Cledon — Voice AI Agent Testing
Cledon tests voice AI agents by simulating callers that phone your agent and evaluate responses against assertions.
Domain Model
Agent — the voice AI being tested (name, phone number, personality)
Folder — groups related test cases
Test Case — defines assertions + expected tool calls for one agent
Scenario — a runnable test with caller instructions for one test case
Run — execution of a scenario producing transcript + pass/fail results
Relationships: Agent → many Test Cases → many Scenarios.
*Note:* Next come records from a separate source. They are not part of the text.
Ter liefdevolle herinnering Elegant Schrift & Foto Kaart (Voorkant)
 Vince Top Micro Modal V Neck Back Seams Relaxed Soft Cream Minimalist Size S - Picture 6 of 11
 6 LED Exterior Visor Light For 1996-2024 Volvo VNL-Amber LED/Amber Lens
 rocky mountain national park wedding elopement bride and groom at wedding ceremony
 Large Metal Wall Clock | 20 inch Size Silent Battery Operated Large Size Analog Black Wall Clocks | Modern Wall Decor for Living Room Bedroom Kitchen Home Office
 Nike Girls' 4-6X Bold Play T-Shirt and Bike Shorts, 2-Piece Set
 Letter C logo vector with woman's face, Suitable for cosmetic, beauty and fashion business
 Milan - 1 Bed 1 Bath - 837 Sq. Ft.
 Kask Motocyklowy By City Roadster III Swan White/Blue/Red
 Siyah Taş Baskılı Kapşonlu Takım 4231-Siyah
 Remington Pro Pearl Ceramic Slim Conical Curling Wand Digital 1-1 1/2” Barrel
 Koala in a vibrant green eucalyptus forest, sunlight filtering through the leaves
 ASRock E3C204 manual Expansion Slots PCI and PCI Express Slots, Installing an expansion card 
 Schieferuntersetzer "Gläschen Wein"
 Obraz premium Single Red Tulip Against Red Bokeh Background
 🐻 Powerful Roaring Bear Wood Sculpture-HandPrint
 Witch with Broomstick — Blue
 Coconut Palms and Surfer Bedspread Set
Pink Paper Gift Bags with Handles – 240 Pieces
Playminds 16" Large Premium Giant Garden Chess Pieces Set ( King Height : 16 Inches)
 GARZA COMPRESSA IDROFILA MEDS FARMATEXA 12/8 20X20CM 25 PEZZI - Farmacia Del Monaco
Each Scenario produces Runs.
Available Tools (22)
Analytics
| Tool | Purpose |
|---|
get-overall-stats | Dashboard summary: total scenarios, runs, pass rate, avg duration |
get-run-history | Recent runs with pass/fail counts (1-90 days lookback) |
get-failed-assertions | Top 10 recurring failures with up to 3 example runs each |
Agents
| Tool | Purpose |
|---|
list-agents | List all voice agents |
get-agent | Full agent details by ID |
create-agent | Create agent in call mode (phone number) or LLM mode (ElevenLabs, Vapi, LiveKit, Famulor, Synthflow) |
update-agent | Update agent properties |
delete-agent | Delete agent and associated data |
Test Cases & Scenarios
| Tool | Purpose |
|---|
list-testcases | List test cases (optional folderId filter) |
get-testcase | Full test case with assertions and expected tool calls |
create-testcase | AI-generate test case from a transcript or system prompt; supports includeScenarios to auto-create scenarios |
update-testcase | Update test case properties |
execute-testcase | Run all scenarios for a test case |
list-scenarios | List scenarios (optional testCaseId filter) |
get-scenario | Full scenario with caller instructions |
Execution
| Tool | Purpose |
|---|
run-scenario | Trigger single test → returns runId |
run-multiple-scenarios | Batch trigger → returns array of runIds |
get-run-status | Full run details: transcript, assertions, tool call validation |
get-scenario-runs | Run history for one scenario with pass/fail counts |
cancel-run | Cancel a stuck run (only status=running) |
Credentials
| Tool | Purpose |
|---|
list-credentials | List all stored voice platform credentials (keys never exposed) |
create-credential | Store a new platform API key (elevenlabs, vapi, livekit, famulor, synthflow) |
update-credential | Update a credential's name or API key |
delete-credential | Delete a stored credential |
Workflows
Get an overview of testing status
get-overall-stats → see pass rate, total runs, average duration
get-run-history with days=7 → see recent individual results
get-failed-assertions → identify systemic issues
Run a test and check results
list-scenarios → find the scenario ID
run-scenario with scenarioId → get back a runId
- Wait a moment, then
get-run-status with runId → see transcript + assertion results
- If status is still "running", wait and check again
Run all tests for a test case
list-scenarios with testCaseId filter → collect all scenario IDs
run-multiple-scenarios with the ID array
get-run-history with days=1 → see batch results
Investigate failures
get-failed-assertions → find the most common failures
- Pick a failure, note the example runIds
get-run-status for each runId → read the transcript to understand what went wrong
get-scenario-runs for that scenarioId → check if it's a regression or consistent failure
Drill into a specific test case
get-testcase with id → see assertions and expected tool calls
list-scenarios with testCaseId → see all persona combinations
get-scenario for each → see caller instructions
Create a new test from scratch
list-agents → pick the agent to test (or create-agent)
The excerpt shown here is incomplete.